Back up everything. There's plenty of backup software out there these days, but ASCOMP's Backup Maker and ASCOMP's Synchredible are both brilliant shouts. They are both fully featured and free. The only time you have to pay for them is if you're a business or want user support, but Google is your friend 99% of the time. Personally I now have a spare 2TB drive in my PC that does nothing but store backups. I started with Backup Maker, but actually found Synchredible to be what I was actually looking for. Read into both of them at your leisure, I go from there. Basically if I add, remove, or edit anything Synchredible is looking at, it will automatically update a backup of it on my other disk every time Windows starts up again. It's great!

Nothing will beat cloud storage though. Think of it like this: worst case scenario, your house burns down or everything gets robbed. Your PC is gone. No matter how many drives you had backing up data, no matter how mnay external drives you had in your drawer next to your pc, all your data went with them. Cloud services mean you could travel to the other side of the world at a moments notice and still have access to your files you need to work. The catch for me and many others is simply uploading that data to begin with. Even uber-fast internet in the UK is slow at uploading unless you're a company that pays for this. It's simply not something providers prioritise for the standard user. But once it's up there, uploading a file here and there at the end of each week is nothing in comparison.

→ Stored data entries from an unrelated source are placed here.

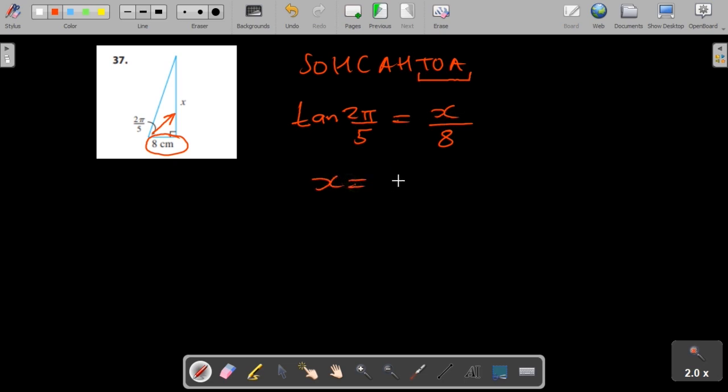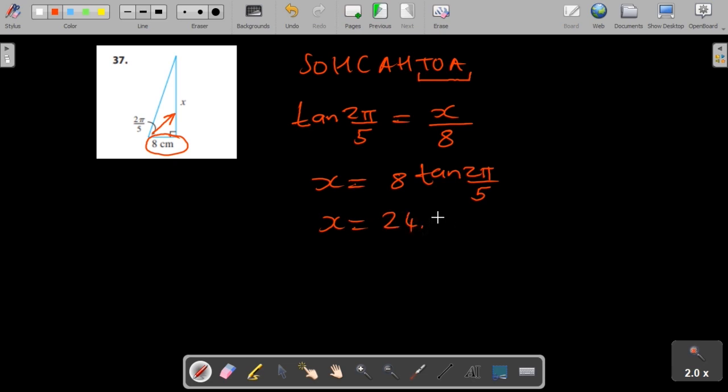So x would just be 8 tan 2π over 5. You're asked to give the answer correct to 5 decimal places, which means in this case you're allowed to use your calculator and this would be this value.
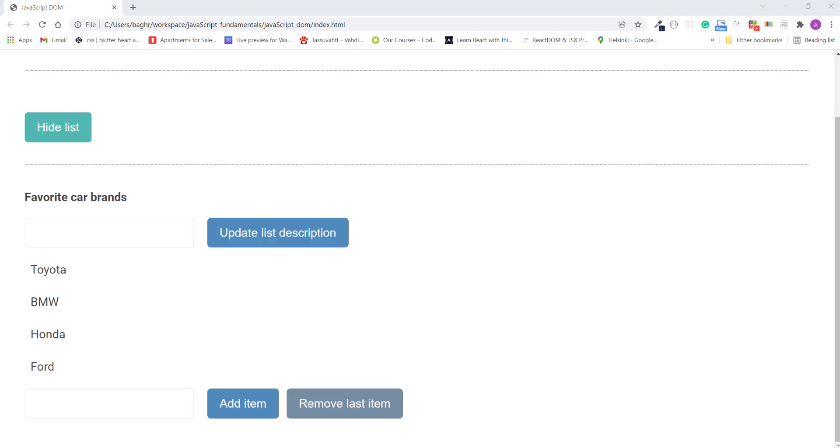Coming up in the upcoming lectures, we'll start looking deep into all those event listeners that we have been using in the previous lectures.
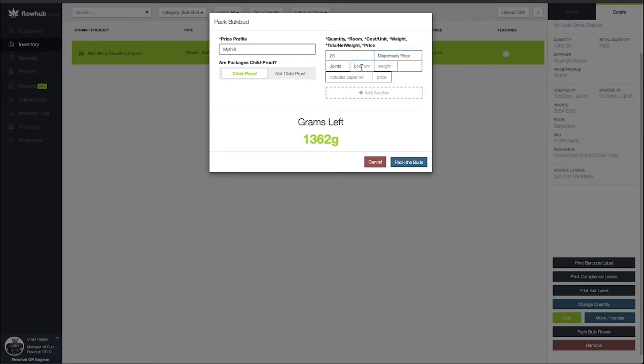The next thing we're going to be adding is our cost per unit. We want to include the cost of the crutch, the paper, the flower, and labor for getting this rolled up. I'm going to say this costs us about $3.57.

Dropbox is a tad expensive these days, but it used to be my go-to. It always felt faster than OneDrive back when that was in its infancy, but this is no longer the case. OneDrive will give you 1TB of online storage and Office 365 for those that want it for £8 p/m. Not a bad deal. Google Drive will give you double the storage (2TB) for the same price, but no Office 365. I went with Google in the end because all I need is space, and it made sense seeing as my internal backup drive is also 2TB, and so is my external hard drive; all could fit duplicates of the data on them if necessary.

Never rely on a hard drive to not fail, and backup now while it's still on your mind and before it's too late.